Instructions for the task:
Retype all of the entries exactly as they appear.

Scraped caption text data
┄┄┄┄┄┄
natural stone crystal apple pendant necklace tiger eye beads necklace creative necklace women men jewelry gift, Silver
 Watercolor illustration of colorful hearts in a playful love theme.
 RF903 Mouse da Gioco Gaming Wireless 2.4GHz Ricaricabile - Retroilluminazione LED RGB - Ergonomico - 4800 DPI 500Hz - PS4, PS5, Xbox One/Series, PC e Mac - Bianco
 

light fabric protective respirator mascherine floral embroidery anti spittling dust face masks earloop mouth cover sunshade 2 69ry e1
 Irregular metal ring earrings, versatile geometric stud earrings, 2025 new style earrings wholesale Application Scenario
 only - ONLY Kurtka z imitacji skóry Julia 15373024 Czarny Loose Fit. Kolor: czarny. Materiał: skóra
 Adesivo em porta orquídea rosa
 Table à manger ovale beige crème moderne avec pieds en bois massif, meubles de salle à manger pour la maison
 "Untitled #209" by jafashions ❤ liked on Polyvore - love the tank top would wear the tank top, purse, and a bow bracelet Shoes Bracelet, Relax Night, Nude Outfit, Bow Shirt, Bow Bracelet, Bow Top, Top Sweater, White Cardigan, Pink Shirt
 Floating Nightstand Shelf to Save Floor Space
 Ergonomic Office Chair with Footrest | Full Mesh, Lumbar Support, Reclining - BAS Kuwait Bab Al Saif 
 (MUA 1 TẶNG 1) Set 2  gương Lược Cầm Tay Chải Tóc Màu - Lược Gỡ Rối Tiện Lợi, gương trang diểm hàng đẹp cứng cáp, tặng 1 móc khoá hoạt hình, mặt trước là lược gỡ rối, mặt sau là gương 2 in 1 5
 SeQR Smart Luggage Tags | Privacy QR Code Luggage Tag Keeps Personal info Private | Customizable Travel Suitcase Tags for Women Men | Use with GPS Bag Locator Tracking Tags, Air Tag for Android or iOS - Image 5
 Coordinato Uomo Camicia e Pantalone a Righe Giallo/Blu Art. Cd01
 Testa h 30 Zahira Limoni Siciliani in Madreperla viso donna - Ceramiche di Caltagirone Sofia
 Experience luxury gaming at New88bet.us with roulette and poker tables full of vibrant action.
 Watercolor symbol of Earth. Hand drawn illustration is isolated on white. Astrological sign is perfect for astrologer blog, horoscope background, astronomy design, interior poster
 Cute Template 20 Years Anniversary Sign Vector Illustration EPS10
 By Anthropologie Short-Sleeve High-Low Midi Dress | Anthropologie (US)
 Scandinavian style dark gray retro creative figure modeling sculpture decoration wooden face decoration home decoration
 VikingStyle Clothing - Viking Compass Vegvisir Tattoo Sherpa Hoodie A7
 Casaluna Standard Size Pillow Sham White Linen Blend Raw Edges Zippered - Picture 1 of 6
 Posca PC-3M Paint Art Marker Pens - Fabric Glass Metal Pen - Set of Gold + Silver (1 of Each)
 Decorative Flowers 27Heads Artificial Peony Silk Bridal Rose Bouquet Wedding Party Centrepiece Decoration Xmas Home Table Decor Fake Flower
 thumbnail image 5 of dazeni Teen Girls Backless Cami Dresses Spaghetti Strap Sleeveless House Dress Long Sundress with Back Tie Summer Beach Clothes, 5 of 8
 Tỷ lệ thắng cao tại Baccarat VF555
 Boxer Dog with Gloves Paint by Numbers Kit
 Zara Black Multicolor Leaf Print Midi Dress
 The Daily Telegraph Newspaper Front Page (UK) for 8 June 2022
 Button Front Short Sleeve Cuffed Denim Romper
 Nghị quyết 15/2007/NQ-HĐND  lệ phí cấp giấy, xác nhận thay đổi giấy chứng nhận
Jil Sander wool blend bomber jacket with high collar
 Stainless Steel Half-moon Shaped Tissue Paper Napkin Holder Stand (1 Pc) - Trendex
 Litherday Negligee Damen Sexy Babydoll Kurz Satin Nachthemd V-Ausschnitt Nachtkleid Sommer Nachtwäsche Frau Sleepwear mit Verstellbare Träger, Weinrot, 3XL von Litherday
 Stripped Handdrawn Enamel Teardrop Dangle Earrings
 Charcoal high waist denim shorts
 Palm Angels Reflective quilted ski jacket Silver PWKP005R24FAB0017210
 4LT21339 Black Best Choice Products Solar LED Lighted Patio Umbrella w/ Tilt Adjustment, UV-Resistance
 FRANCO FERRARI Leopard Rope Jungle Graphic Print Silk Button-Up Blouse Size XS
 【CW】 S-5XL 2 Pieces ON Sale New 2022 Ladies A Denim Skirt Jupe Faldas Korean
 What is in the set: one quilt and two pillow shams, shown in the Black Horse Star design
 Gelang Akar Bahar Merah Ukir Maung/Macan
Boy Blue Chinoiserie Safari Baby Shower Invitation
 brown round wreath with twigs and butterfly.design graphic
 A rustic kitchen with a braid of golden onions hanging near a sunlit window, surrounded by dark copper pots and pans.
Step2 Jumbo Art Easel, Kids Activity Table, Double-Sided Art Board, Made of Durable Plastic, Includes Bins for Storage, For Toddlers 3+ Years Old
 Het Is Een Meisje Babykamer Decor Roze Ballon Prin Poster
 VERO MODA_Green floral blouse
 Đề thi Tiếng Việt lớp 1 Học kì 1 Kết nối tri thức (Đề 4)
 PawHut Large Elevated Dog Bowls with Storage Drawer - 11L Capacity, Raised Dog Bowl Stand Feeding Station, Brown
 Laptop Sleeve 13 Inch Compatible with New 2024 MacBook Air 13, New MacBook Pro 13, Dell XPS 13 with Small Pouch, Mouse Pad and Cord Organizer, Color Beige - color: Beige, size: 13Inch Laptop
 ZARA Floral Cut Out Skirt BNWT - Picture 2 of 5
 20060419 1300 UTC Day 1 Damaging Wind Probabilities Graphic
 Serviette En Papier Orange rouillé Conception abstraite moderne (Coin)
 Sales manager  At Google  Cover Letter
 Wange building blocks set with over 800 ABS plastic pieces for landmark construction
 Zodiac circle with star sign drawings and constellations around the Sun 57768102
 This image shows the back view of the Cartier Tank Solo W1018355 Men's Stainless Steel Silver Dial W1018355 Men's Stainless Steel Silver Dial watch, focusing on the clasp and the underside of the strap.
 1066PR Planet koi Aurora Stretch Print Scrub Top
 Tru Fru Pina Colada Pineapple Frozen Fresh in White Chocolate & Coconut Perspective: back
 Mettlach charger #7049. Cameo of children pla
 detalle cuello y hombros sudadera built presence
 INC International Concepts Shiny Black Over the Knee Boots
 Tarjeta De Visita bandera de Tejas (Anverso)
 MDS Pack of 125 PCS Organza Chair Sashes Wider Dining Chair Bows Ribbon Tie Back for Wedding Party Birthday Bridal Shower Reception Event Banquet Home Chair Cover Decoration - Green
┄┄┄┄┄┄
Exercise output:
natural stone crystal apple pendant necklace tiger eye beads necklace creative necklace women men jewelry gift, Silver
 Watercolor illustration of colorful hearts in a playful love theme.
 RF903 Mouse da Gioco Gaming Wireless 2.4GHz Ricaricabile - Retroilluminazione LED RGB - Ergonomico - 4800 DPI 500Hz - PS4, PS5, Xbox One/Series, PC e Mac - Bianco
 

light fabric protective respirator mascherine floral embroidery anti spittling dust face masks earloop mouth cover sunshade 2 69ry e1
 Irregular metal ring earrings, versatile geometric stud earrings, 2025 new style earrings wholesale Application Scenario
 only - ONLY Kurtka z imitacji skóry Julia 15373024 Czarny Loose Fit. Kolor: czarny. Materiał: skóra
 Adesivo em porta orquídea rosa
 Table à manger ovale beige crème moderne avec pieds en bois massif, meubles de salle à manger pour la maison
 "Untitled #209" by jafashions ❤ liked on Polyvore - love the tank top would wear the tank top, purse, and a bow bracelet Shoes Bracelet, Relax Night, Nude Outfit, Bow Shirt, Bow Bracelet, Bow Top, Top Sweater, White Cardigan, Pink Shirt
 Floating Nightstand Shelf to Save Floor Space
 Ergonomic Office Chair with Footrest | Full Mesh, Lumbar Support, Reclining - BAS Kuwait Bab Al Saif 
 (MUA 1 TẶNG 1) Set 2  gương Lược Cầm Tay Chải Tóc Màu - Lược Gỡ Rối Tiện Lợi, gương trang diểm hàng đẹp cứng cáp, tặng 1 móc khoá hoạt hình, mặt trước là lược gỡ rối, mặt sau là gương 2 in 1 5
 SeQR Smart Luggage Tags | Privacy QR Code Luggage Tag Keeps Personal info Private | Customizable Travel Suitcase Tags for Women Men | Use with GPS Bag Locator Tracking Tags, Air Tag for Android or iOS - Image 5
 Coordinato Uomo Camicia e Pantalone a Righe Giallo/Blu Art. Cd01
 Testa h 30 Zahira Limoni Siciliani in Madreperla viso donna - Ceramiche di Caltagirone Sofia
 Experience luxury gaming at New88bet.us with roulette and poker tables full of vibrant action.
 Watercolor symbol of Earth. Hand drawn illustration is isolated on white. Astrological sign is perfect for astrologer blog, horoscope background, astronomy design, interior poster
 Cute Template 20 Years Anniversary Sign Vector Illustration EPS10
 By Anthropologie Short-Sleeve High-Low Midi Dress | Anthropologie (US)
 Scandinavian style dark gray retro creative figure modeling sculpture decoration wooden face decoration home decoration
 VikingStyle Clothing - Viking Compass Vegvisir Tattoo Sherpa Hoodie A7
 Casaluna Standard Size Pillow Sham White Linen Blend Raw Edges Zippered - Picture 1 of 6
 Posca PC-3M Paint Art Marker Pens - Fabric Glass Metal Pen - Set of Gold + Silver (1 of Each)
 Decorative Flowers 27Heads Artificial Peony Silk Bridal Rose Bouquet Wedding Party Centrepiece Decoration Xmas Home Table Decor Fake Flower
 thumbnail image 5 of dazeni Teen Girls Backless Cami Dresses Spaghetti Strap Sleeveless House Dress Long Sundress with Back Tie Summer Beach Clothes, 5 of 8
 Tỷ lệ thắng cao tại Baccarat VF555
 Boxer Dog with Gloves Paint by Numbers Kit
 Zara Black Multicolor Leaf Print Midi Dress
 The Daily Telegraph Newspaper Front Page (UK) for 8 June 2022
 Button Front Short Sleeve Cuffed Denim Romper
 Nghị quyết 15/2007/NQ-HĐND  lệ phí cấp giấy, xác nhận thay đổi giấy chứng nhận
Jil Sander wool blend bomber jacket with high collar
 Stainless Steel Half-moon Shaped Tissue Paper Napkin Holder Stand (1 Pc) - Trendex
 Litherday Negligee Damen Sexy Babydoll Kurz Satin Nachthemd V-Ausschnitt Nachtkleid Sommer Nachtwäsche Frau Sleepwear mit Verstellbare Träger, Weinrot, 3XL von Litherday
 Stripped Handdrawn Enamel Teardrop Dangle Earrings
 Charcoal high waist denim shorts
 Palm Angels Reflective quilted ski jacket Silver PWKP005R24FAB0017210
 4LT21339 Black Best Choice Products Solar LED Lighted Patio Umbrella w/ Tilt Adjustment, UV-Resistance
 FRANCO FERRARI Leopard Rope Jungle Graphic Print Silk Button-Up Blouse Size XS
 【CW】 S-5XL 2 Pieces ON Sale New 2022 Ladies A Denim Skirt Jupe Faldas Korean
 What is in the set: one quilt and two pillow shams, shown in the Black Horse Star design
 Gelang Akar Bahar Merah Ukir Maung/Macan
Boy Blue Chinoiserie Safari Baby Shower Invitation
 brown round wreath with twigs and butterfly.design graphic
 A rustic kitchen with a braid of golden onions hanging near a sunlit window, surrounded by dark copper pots and pans.
Step2 Jumbo Art Easel, Kids Activity Table, Double-Sided Art Board, Made of Durable Plastic, Includes Bins for Storage, For Toddlers 3+ Years Old
 Het Is Een Meisje Babykamer Decor Roze Ballon Prin Poster
 VERO MODA_Green floral blouse
 Đề thi Tiếng Việt lớp 1 Học kì 1 Kết nối tri thức (Đề 4)
 PawHut Large Elevated Dog Bowls with Storage Drawer - 11L Capacity, Raised Dog Bowl Stand Feeding Station, Brown
 Laptop Sleeve 13 Inch Compatible with New 2024 MacBook Air 13, New MacBook Pro 13, Dell XPS 13 with Small Pouch, Mouse Pad and Cord Organizer, Color Beige - color: Beige, size: 13Inch Laptop
 ZARA Floral Cut Out Skirt BNWT - Picture 2 of 5
 20060419 1300 UTC Day 1 Damaging Wind Probabilities Graphic
 Serviette En Papier Orange rouillé Conception abstraite moderne (Coin)
 Sales manager  At Google  Cover Letter
 Wange building blocks set with over 800 ABS plastic pieces for landmark construction
 Zodiac circle with star sign drawings and constellations around the Sun 57768102
 This image shows the back view of the Cartier Tank Solo W1018355 Men's Stainless Steel Silver Dial W1018355 Men's Stainless Steel Silver Dial watch, focusing on the clasp and the underside of the strap.
 1066PR Planet koi Aurora Stretch Print Scrub Top
 Tru Fru Pina Colada Pineapple Frozen Fresh in White Chocolate & Coconut Perspective: back
 Mettlach charger #7049. Cameo of children pla
 detalle cuello y hombros sudadera built presence
 INC International Concepts Shiny Black Over the Knee Boots
 Tarjeta De Visita bandera de Tejas (Anverso)
 MDS Pack of 125 PCS Organza Chair Sashes Wider Dining Chair Bows Ribbon Tie Back for Wedding Party Birthday Bridal Shower Reception Event Banquet Home Chair Cover Decoration - Green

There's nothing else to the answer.